The Vienna monkey frieze depicts the unease or discomfort that greeted evolutionary theories in the nineteenth century. It adapts the traditional simian symbolism developed in the Western Middle Ages that figured monkeys as symbols of ontological instability and hybridity. But whether referencing evolution or the great chain of being, the unease that monkey marginalia can provoke may be precisely the point; it is a way of representing the instability of interpretation and knowledge more generally. Monkeys speak of boundaries, and the breaking thereof. They stand between ourselves and the other animals, and between our knowing selves and our unknowing selves. At the same time, the link between monkeys, mimicry and mirroring re-connects us to the idea of the book—and the museum, and knowledge itself—as a kind of mirror, a reflection of the natural world. Primate symbolism, with its paradoxical stability across historical periods in signifying instability, is a thinking device rooted in literary and textual practices that interrogates our instruments and methods of knowledge (books, mirrors, observation, theorization). In the modern natural history museum, marginal symbolism -- especially simian symbolism -- functions both to express and to trouble the changing meanings of science itself. The monkeys that climb around the margins of natural history museums are markers of the ways in which other categories too—in this case, literary culture and scientific culture—intersect.

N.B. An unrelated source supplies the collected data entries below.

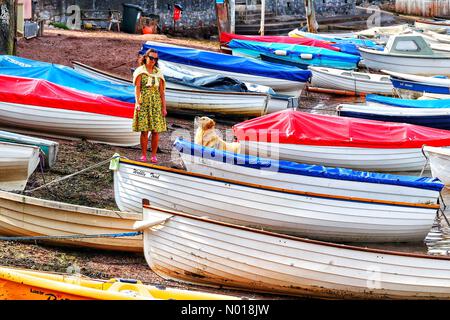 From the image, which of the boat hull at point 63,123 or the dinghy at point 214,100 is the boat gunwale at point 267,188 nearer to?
the boat hull at point 63,123

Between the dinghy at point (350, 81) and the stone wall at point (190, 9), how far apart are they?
327 inches

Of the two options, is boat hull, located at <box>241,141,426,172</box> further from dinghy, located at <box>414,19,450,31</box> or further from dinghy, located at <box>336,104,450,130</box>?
dinghy, located at <box>414,19,450,31</box>

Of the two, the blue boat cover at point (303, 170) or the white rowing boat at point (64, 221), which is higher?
the blue boat cover at point (303, 170)

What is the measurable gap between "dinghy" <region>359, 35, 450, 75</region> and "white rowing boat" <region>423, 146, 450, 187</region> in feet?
40.1

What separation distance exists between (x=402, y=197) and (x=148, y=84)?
410 centimetres

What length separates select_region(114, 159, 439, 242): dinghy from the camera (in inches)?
551

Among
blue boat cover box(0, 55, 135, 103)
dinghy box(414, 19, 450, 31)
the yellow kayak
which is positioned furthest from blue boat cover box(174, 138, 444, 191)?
dinghy box(414, 19, 450, 31)

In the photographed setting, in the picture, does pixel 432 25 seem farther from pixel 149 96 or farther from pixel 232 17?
pixel 149 96

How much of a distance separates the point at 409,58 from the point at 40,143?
16619 millimetres

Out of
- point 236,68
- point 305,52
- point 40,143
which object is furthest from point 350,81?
point 40,143

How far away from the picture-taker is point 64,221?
1320cm

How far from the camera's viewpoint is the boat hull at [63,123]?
17.9 meters

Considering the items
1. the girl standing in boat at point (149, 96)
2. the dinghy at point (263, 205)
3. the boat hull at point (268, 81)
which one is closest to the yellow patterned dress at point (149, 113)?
the girl standing in boat at point (149, 96)

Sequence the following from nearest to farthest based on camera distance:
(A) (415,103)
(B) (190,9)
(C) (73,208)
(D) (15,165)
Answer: (C) (73,208), (D) (15,165), (A) (415,103), (B) (190,9) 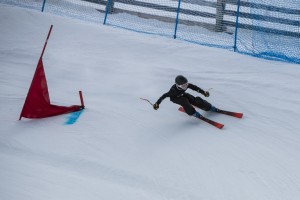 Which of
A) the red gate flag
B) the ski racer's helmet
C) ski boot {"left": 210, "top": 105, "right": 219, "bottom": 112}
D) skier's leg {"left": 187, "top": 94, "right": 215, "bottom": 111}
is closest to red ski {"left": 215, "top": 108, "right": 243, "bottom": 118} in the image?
ski boot {"left": 210, "top": 105, "right": 219, "bottom": 112}

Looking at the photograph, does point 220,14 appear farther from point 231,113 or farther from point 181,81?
point 181,81

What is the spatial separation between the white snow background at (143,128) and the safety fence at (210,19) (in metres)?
0.48

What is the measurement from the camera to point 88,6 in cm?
1112

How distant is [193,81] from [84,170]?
3.87 meters

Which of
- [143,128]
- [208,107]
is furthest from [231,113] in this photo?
[143,128]

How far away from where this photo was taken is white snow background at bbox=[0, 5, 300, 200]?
4836 millimetres

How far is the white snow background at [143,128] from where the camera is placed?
4.84 metres

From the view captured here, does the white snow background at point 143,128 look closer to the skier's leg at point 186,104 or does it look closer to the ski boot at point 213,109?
the ski boot at point 213,109

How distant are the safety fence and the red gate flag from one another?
14.7ft

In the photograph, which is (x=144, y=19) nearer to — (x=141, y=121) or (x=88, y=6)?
(x=88, y=6)

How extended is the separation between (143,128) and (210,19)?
4.67m

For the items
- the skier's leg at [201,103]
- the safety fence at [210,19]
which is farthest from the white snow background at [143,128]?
the safety fence at [210,19]

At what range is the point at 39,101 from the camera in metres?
6.77

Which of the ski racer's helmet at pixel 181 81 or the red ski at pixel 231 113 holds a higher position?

The behavioral aspect of medieval monkey depictions, anthropomorphic and not, serves to remind us that we have a very difficult time thinking about purely “natural” aspects of the natural world, and that we cannot help but moralize nature. This too is part of our medieval inheritance. The extensive and deep tradition of animal symbolism established in scholasticism, and expressed through manuscript illumination, architectural decoration, and textual traditions such as bestiaries and fables, still makes it difficult for us not to read animals as indicative of the workings of nature (or, in the medieval mind, of God’s will) and as reflections of human ethical codes. This tradition challenges us to think about how those categories might be related to one another.

Ultimately, the natural world is the moral world. Today we might talk more comfortably about the ethical obligations that humanity has to the rest of the world in the Anthropocene era, but we can trace a line from those discussions back to the Christian allegories of the medieval bestiary, which was based on the Physiologus and other classical natural histories where anthropomorphic theorization formed more of the naturalist methodology than observation. The ethical resonances of monkey marginalia remain important within our understanding of evolution. Medieval depictions of monkeys hybridize human and animal existence; like evolutionary theory itself, they entangle these realms together. We cannot pretend to be separate or radically different. Medieval monkeys put humanity’s behavior on a spectrum between the divine and animalistic, challenging the crisp categorical structures of the great chain of being. In the same way, the monkeys carved into the margins of the natural history museums in Oxford, London, Vienna and Toronto unsettle the dominant theories and assumptions of their time, and of ours.